TASK DIRECTIONS> Transcribe each line below verbatim; pictures excluded.

──────── INFORMATION SUPPLIED ────────

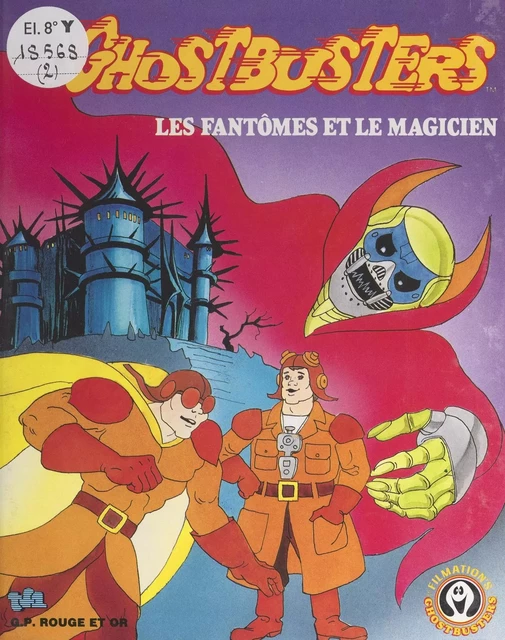 Les fantômes et le magicien - Jean Guilloré - (Nathan) réédition numérique FeniXX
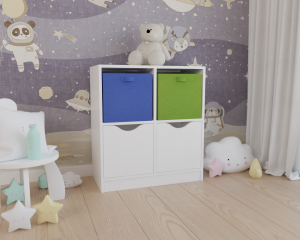 Стеллаж детский Уют-2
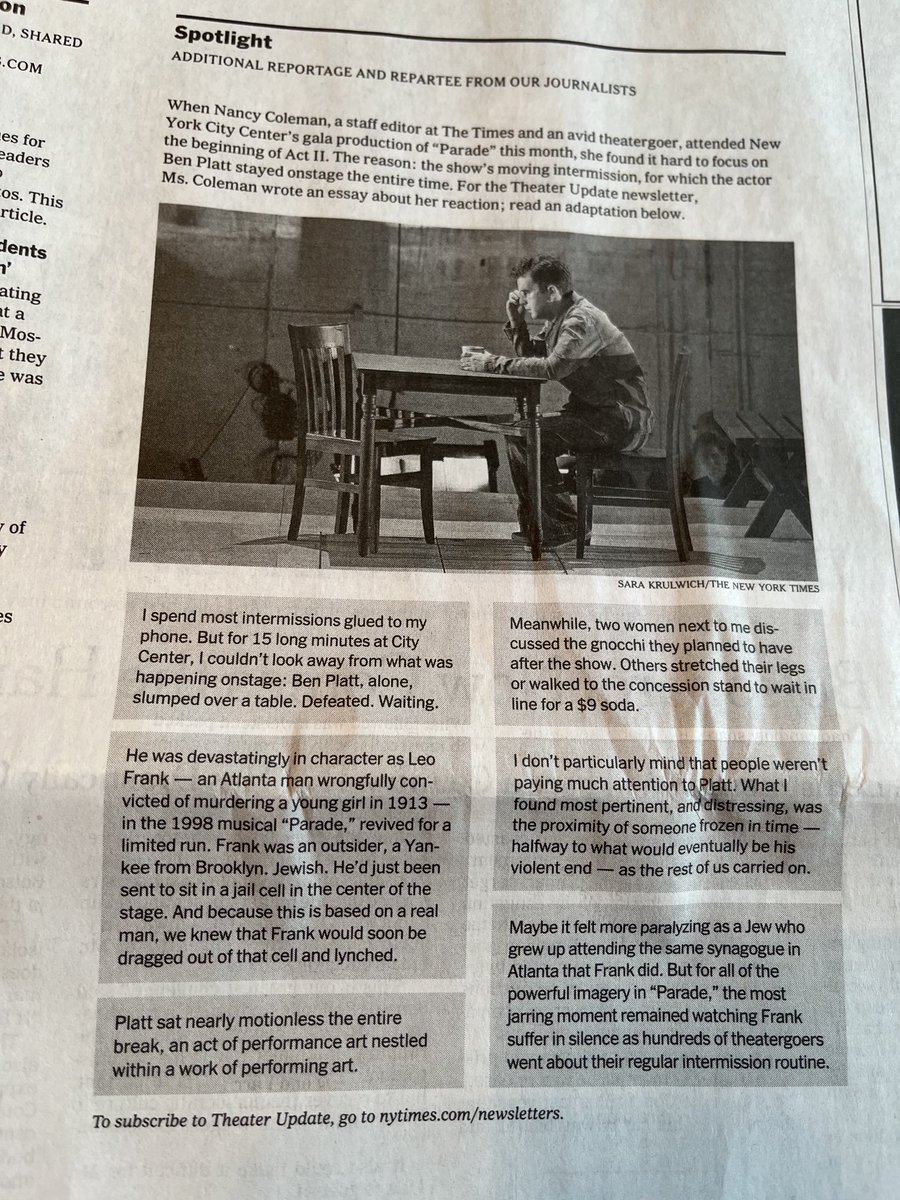 Matt Purdy (@mattbpurdy) on Twitter photo A gem from this morning’s NYT by <a href="/nancylcoleman/">Nancy Coleman</a>, a reminder that human anguish is playing out before our eyes if only we would open them. A gem from this morning’s NYT by <a href="/nancylcoleman/">Nancy Coleman</a>, a reminder that human anguish is playing out before our eyes if only we would open them.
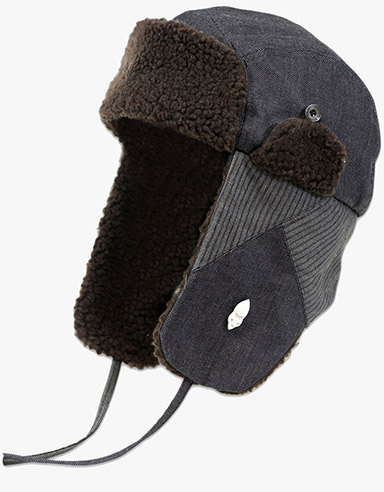 Ignite Denim Trapper Hat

────────

SOLUTION FOR THIS TASK>
 Les fantômes et le magicien - Jean Guilloré - (Nathan) réédition numérique FeniXX
 Стеллаж детский Уют-2
 Matt Purdy (@mattbpurdy) on Twitter photo A gem from this morning’s NYT by <a href="/nancylcoleman/">Nancy Coleman</a>, a reminder that human anguish is playing out before our eyes if only we would open them. A gem from this morning’s NYT by <a href="/nancylcoleman/">Nancy Coleman</a>, a reminder that human anguish is playing out before our eyes if only we would open them.
 Ignite Denim Trapper Hat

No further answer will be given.